> **Information supplied**:

= = = =

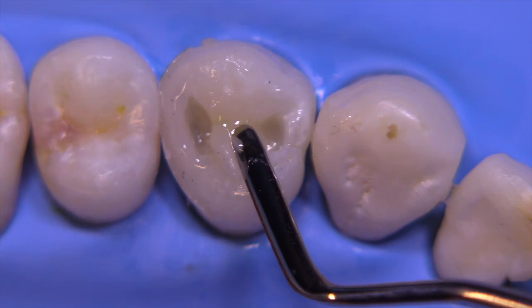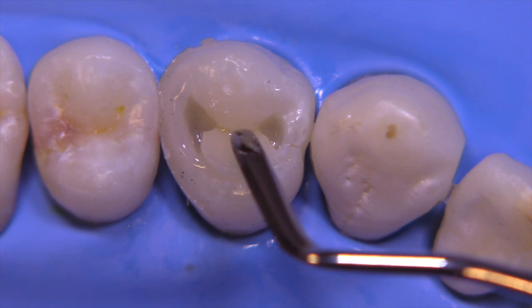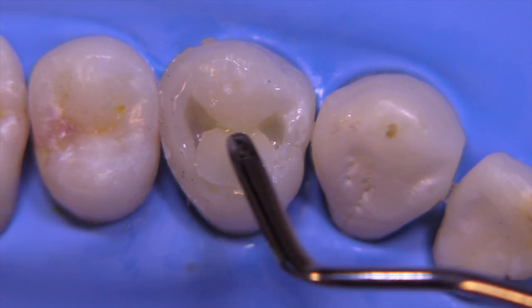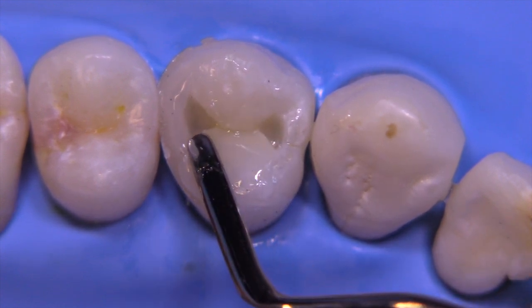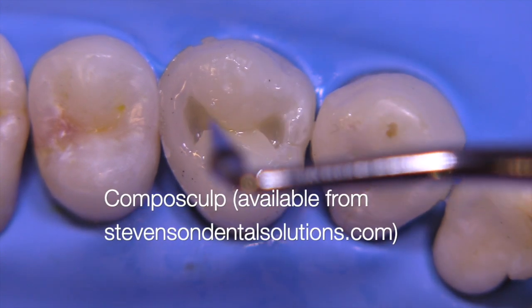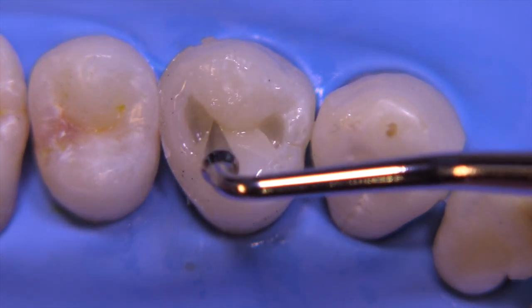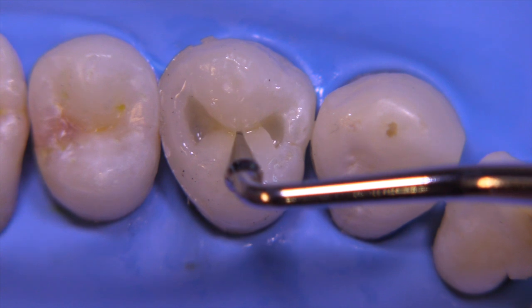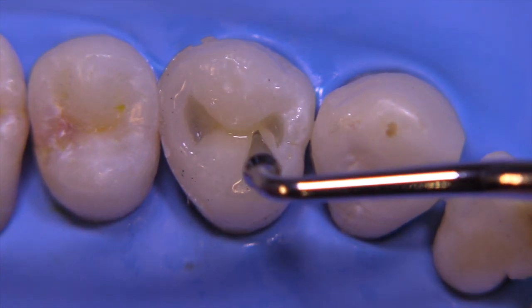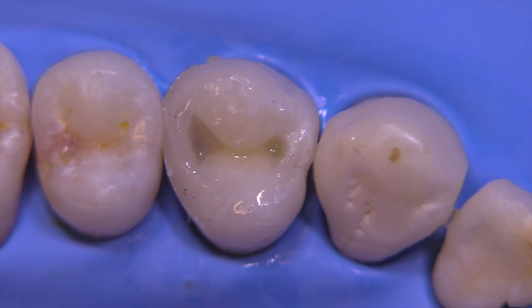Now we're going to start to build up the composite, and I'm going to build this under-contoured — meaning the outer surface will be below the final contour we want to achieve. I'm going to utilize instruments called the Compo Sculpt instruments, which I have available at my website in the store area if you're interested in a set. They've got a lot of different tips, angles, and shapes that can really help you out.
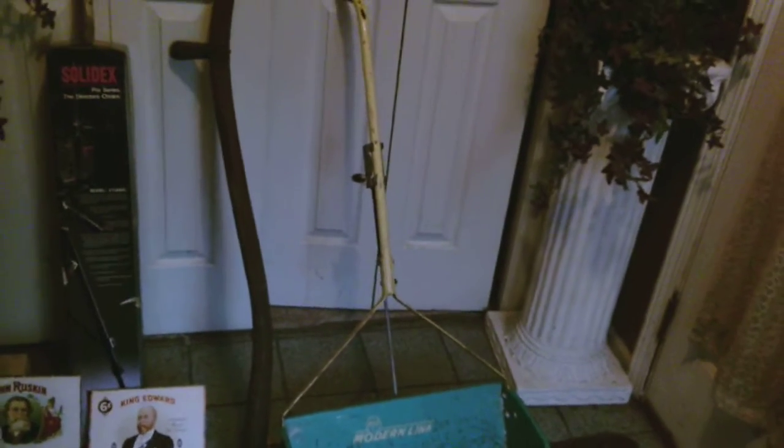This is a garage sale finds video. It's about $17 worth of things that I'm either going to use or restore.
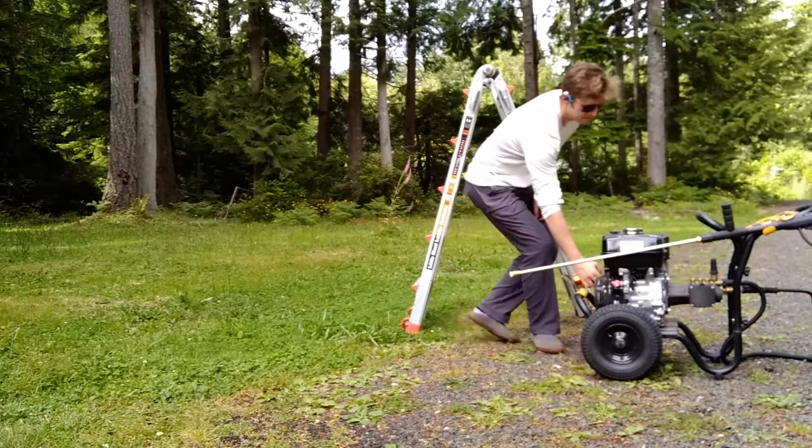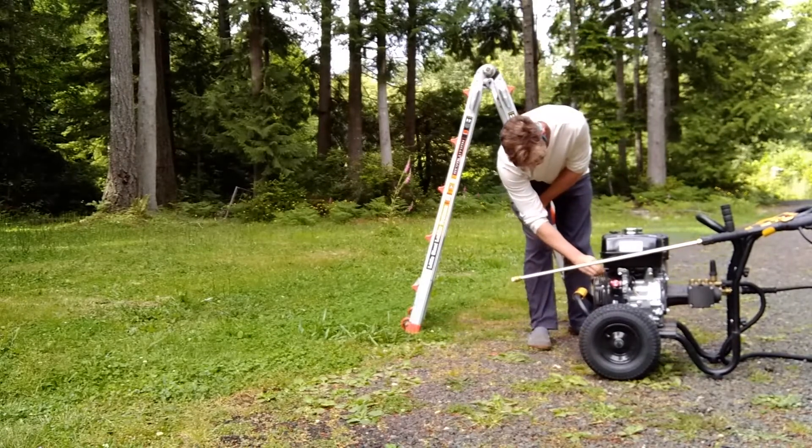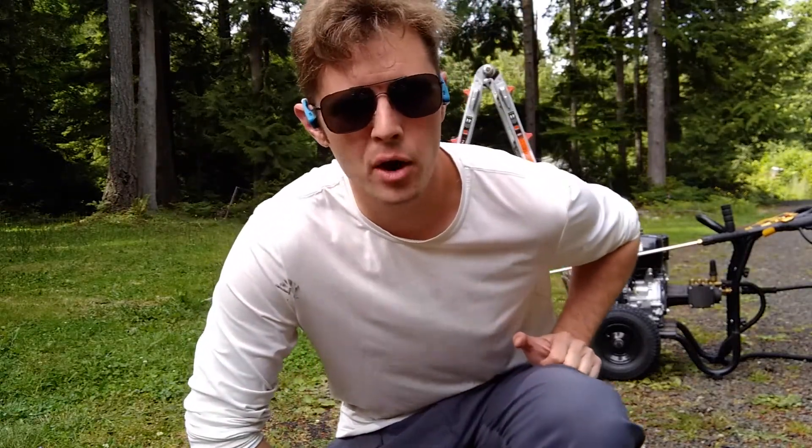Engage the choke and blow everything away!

= = = =

> **Problem to solve**: Would you please output the listing above exactly, leaving out the pictures?

> **Solution**:
Now we're going to start to build up the composite, and I'm going to build this under-contoured — meaning the outer surface will be below the final contour we want to achieve. I'm going to utilize instruments called the Compo Sculpt instruments, which I have available at my website in the store area if you're interested in a set. They've got a lot of different tips, angles, and shapes that can really help you out.
This is a garage sale finds video. It's about $17 worth of things that I'm either going to use or restore.
Engage the choke and blow everything away!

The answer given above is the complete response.